Las Vegas:IS reklamiert Tat für sich: Was ist davon zu halten?

Schüsse in Las Vegas

Schnell kursierten am Sonntagabend Handybilder, die flüchtende Konzertbesucher zeigten.

(Foto: dpa)

Die IS-nahe Nachrichtenagentur Amaq behauptet, der Schütze von Las Vegas habe im Namen der Terrororganisation gehandelt. Dafür gibt es jedoch keinerlei konkrete Hinweise.

Von Paul-Anton Krüger, Kairo

Amaq, eine der Terrormiliz Islamischer Staat nahestehende Propaganda-Agentur, verbreitete am Nachmittag im Internet zwei kurze Erklärungen, in denen sie behauptet, der Täter von Las Vegas sei ein "Soldat des Kalifats". Er sei vor wenigen Monaten zum Islam konvertiert und Aufrufen gefolgt, die Länder der von den USA geführten Anti-IS-Koalition anzugreifen.

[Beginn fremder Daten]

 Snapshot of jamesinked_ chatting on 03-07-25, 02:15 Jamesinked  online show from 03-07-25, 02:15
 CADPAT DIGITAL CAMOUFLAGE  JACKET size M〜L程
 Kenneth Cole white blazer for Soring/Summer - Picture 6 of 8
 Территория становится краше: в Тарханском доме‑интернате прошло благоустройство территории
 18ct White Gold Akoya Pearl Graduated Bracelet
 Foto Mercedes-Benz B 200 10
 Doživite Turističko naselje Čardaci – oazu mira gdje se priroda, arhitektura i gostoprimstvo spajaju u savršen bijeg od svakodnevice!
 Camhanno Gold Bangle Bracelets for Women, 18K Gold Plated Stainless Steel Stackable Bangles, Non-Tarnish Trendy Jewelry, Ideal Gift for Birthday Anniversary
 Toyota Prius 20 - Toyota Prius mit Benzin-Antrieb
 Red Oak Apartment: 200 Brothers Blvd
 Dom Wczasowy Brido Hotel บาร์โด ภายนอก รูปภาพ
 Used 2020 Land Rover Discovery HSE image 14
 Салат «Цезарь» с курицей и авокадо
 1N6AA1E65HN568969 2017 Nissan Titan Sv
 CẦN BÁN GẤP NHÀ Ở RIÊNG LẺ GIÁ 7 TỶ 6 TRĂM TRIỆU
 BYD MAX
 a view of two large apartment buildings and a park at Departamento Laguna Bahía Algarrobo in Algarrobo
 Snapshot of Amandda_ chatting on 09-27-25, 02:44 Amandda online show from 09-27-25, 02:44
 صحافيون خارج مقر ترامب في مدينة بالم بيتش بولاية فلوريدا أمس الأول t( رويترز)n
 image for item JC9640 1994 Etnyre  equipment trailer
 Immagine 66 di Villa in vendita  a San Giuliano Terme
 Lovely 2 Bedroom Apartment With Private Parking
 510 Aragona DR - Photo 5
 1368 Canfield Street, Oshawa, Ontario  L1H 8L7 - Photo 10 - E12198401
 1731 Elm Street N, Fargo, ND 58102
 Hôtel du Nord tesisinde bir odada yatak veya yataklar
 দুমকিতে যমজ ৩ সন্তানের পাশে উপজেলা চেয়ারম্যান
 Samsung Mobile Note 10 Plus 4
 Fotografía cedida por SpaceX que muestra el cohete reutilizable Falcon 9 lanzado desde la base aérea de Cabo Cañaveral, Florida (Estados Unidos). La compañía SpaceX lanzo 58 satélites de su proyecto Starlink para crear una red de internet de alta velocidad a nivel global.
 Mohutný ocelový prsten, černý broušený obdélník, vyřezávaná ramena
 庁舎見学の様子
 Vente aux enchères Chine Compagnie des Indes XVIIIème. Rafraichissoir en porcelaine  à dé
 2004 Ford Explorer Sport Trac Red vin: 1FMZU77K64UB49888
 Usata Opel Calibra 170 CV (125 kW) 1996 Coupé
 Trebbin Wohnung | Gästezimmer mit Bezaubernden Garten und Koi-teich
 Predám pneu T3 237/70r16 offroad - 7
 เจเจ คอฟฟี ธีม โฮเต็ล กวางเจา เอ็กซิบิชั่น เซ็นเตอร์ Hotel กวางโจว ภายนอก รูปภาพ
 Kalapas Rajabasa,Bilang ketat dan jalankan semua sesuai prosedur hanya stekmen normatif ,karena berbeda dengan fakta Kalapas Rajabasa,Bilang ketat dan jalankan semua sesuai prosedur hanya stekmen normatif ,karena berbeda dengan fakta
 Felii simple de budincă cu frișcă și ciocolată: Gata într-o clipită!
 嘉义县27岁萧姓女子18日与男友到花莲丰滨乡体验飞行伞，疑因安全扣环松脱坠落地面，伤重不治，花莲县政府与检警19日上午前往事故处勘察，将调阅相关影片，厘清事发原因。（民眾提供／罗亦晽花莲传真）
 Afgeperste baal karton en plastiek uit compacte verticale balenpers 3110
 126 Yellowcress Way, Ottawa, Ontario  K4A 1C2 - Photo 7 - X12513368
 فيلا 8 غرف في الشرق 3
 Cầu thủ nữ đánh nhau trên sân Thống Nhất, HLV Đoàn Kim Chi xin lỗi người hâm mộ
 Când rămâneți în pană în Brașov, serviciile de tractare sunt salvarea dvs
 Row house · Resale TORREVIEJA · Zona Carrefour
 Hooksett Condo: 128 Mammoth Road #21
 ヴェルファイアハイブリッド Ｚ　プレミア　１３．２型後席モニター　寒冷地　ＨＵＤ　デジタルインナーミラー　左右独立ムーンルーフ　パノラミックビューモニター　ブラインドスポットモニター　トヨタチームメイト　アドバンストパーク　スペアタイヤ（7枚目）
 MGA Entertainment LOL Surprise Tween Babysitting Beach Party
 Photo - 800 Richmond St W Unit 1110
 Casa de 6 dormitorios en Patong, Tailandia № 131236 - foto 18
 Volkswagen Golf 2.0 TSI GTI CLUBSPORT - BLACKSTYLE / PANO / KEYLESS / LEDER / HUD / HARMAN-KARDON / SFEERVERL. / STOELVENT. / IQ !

Diese Angaben ließen sich zunächst nicht unabhängig überprüfen. Ermittler hatten bis zum Nachmittag keine Erkenntnisse öffentlich gemacht, auch nur einen Hinweis in diese Richtung geliefert hätten; kurz nach dem angeblichen IS-Bekenntnis stellte die Bundespolizei FBI klar: Die Tat stehe nach bisherigen Erkennissen in keinem Zusammenhang mit einer internationalen Terrororganisation.

Amaq hat zuletzt im Namen des IS immer wieder Taten für sich in Anspruch genommen, die lediglich von der Propaganda des IS inspiriert waren, ohne dass es organisatorische Zusammenhänge zwischen Tätern und der Terrormiliz gegeben hätte.

Im Mai hatte das IS-Propagandamagazin Rumiyah potenzielle Attentäter dazu aufgerufen, die lockeren Waffengesetze der Vereinigten Staaten auszunutzen. In dem Text hieß es, Dschihadisten sollten Waffenmessen und Online-Shops nutzen, um sich Waffen zu besorgen. "Der Erwerb von Feuerwaffen kann sehr einfach sein, je nachdem, wo man sich befindet", zitierte die Washington Post damals aus dem Propaganda-Text. Und weiter: In den meisten US-Staaten sei von Schrotflinten bis halbautomatischen Schusswaffen alles frei erhältlich. Nevada gehört zu den Bundesstaaten mit eher laxen Vorschriften.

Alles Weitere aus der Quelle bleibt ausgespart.